What you will do - Your answer must be the exact lines from the one with "Safavieh Briar 3" to the end of the data, both included, with no pictures.

::: Data :::

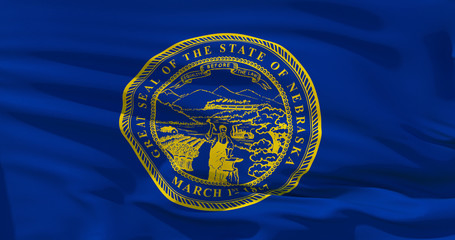 Nebraska flag on satin texture. 3d illustration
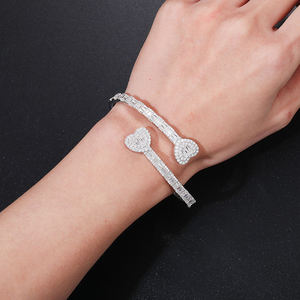 Heart Cut Crystal <b>Cuff</b> <b>Bracelet</b> Rhodium Plated 925 <b>Silver</b> Women's Luxury Wedding Jewelry - Product Image 3
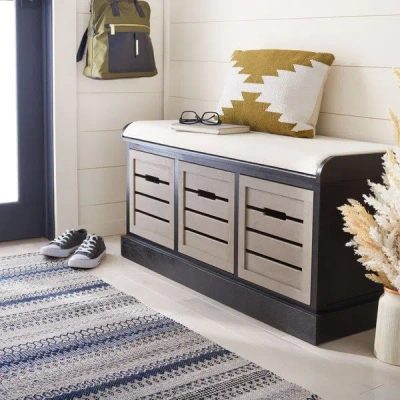 Safavieh Briar 3 Drawer Cushion Bench In Black
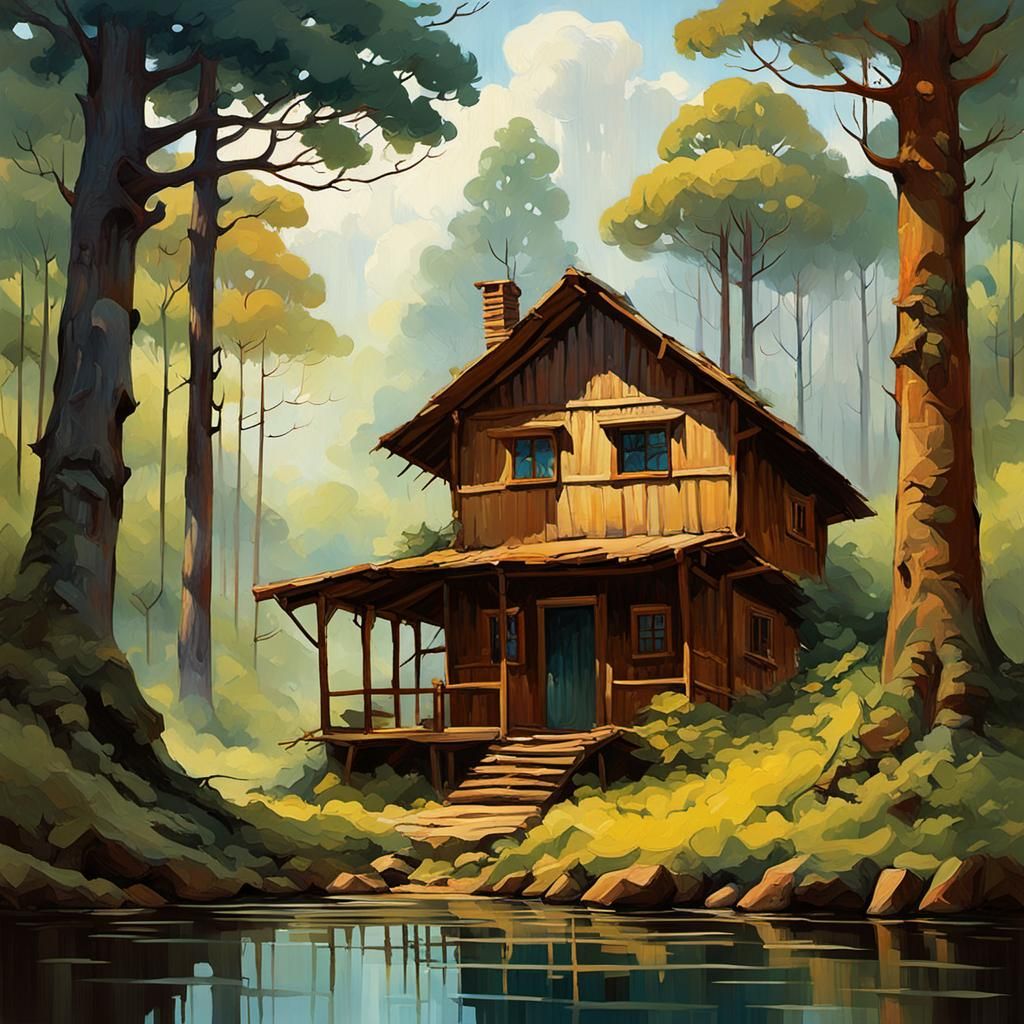 Pintura al óleo muy detallada, pinceladas gruesas, espátula, obra maestra, alta calidad, paisaje agreste con una cabaña ...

:::

Exercise output -
 Safavieh Briar 3 Drawer Cushion Bench In Black
 Pintura al óleo muy detallada, pinceladas gruesas, espátula, obra maestra, alta calidad, paisaje agreste con una cabaña ...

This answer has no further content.